The most impotant tools of PCB design are components and we call the aggregation of components component library. The larger the component library, the less time user will cost in defining new components.
Don’t worry, the component library in Eagle contains thousands of components, including types from vacuum tube to FPGA. The most advantage of Eagle is that no matter how complicated the PCB design is, Eagle can offer the most components you want. If you still cannot find the components you want through above method, you can customize your own components.
Verions that are newer than Eagle 6 can export component library file. Every component library can be named with the .lbr suffix(this file type is XML). That is to say, component library file is the most brief text file. XML type offers structured and hierarchical data storage mode, which is easy for reading and writing.
After testing all the components and traces, we can design the components by using schematic editor. As most schematic editor, below four important information are contained:
1. circuit components that will be used in the design.
2. Connections between circuit components.
3. Digits that are related to circuit components.
4. Properties of circuit components.
It is very easy to make a preliminary design of circuits by using Eagle schematic editor. You just need to choose a circuit component from component library, move to suitable location and then connect the components.

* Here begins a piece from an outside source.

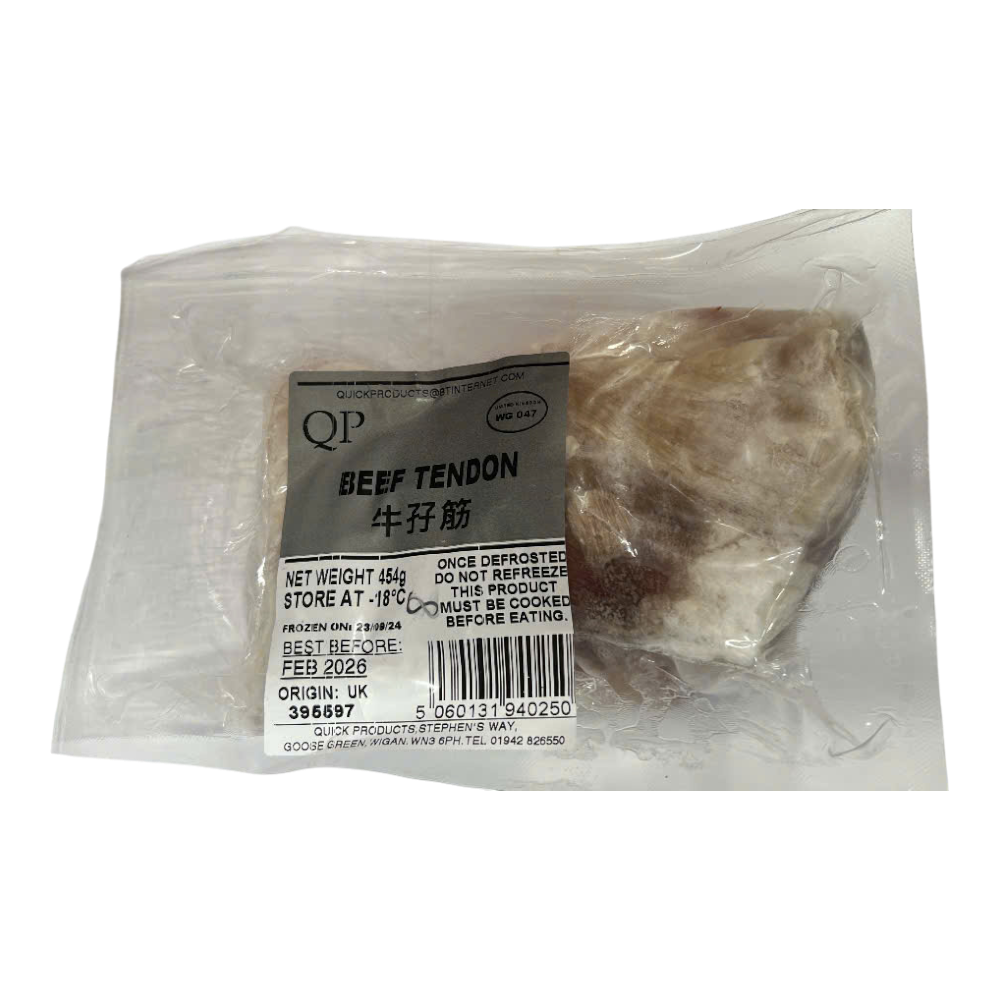 QP Gan Bo / Beef Tendon (454g)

Below is a chart of shortcut key of Eagle.
Please kindly noted that there is no rotate tool, because it is an unnecessary key. In fact, you can right-click and rotate it after components are chosen.

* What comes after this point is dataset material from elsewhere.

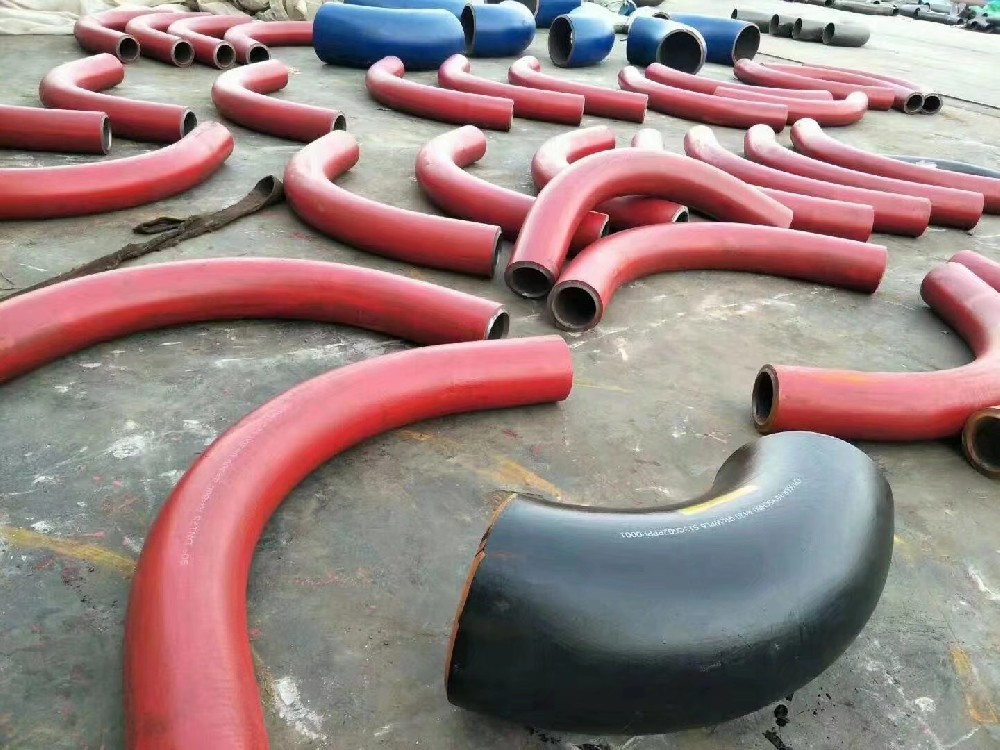 弯管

The vertical toolbar is modal in Eagle schematic editor, that is to say, the selected tool will be in active state still you choose another. The function will make your work more efficient but sometimes it will be troublesome. Thus, Eagle provides “stop tool”, modal tool will not be workable when it is selected.

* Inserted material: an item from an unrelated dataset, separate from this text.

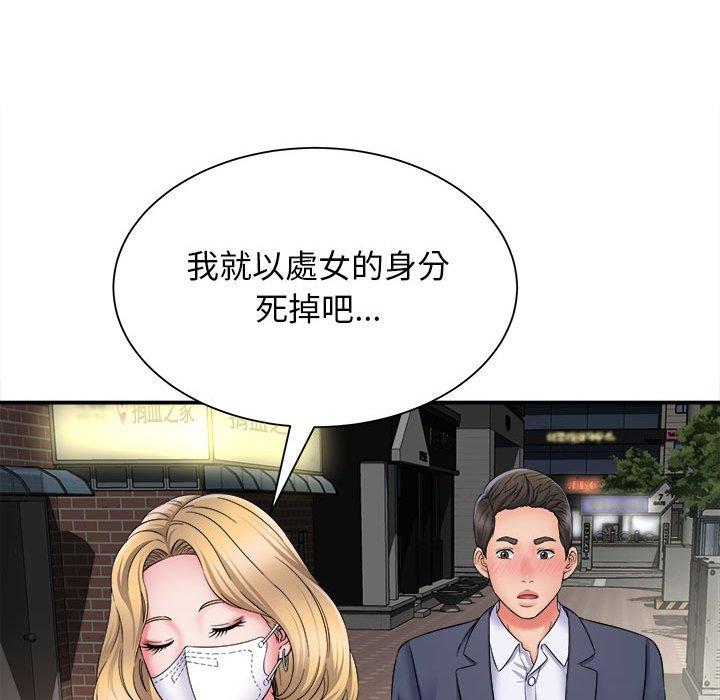 148P - 她的寂寞谁人知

After circuit schematic design is done, you can export a *.brd file from Eagle. And you can revise this file in Eagle.
In this editor, designer put the components to the place where they should be. But the location not only includes X and Y coordinate, but also the information that shows the component should be put to top or bottom.
If an important component is missing, you can design a new component by using device editor. The process is divided into the following three steps:
1. Design a symbol for schematic editor
2. Design a package for circuit editor
3. Design a device between symbol and package
Eagle provides an editor called device editor which is be used for designing symbol and package.
After components are finished in circuits, then we need to connect these components, which called routing. And this step is the most complicated and time-consuming.
Autorouter in Eagle simplifies the process of routing, and provide possibility for users to connect circuit components. However, when we do large-scale design, we cannot do all routing by autorouter in Eagle. But it can be finished, if designers can set up preliminary routing by themselves.
Computer Aided Manufacturing processer
Most manufacturer cannot accept eagle file, so CAM processer in Eagle can transfer Eagle file to different types. When you’ve finalized your design, the last step before sending it off to the fab house is to generate gerber files. Gerber files are kind of a “universal language” for PCB designs. EAGLE is far from the only PCB CAD software out there, and its design files are nothing like those of Orcad or Altium. Fab houses can’t possibly support every piece of software out there, so we send them the gerber files instead.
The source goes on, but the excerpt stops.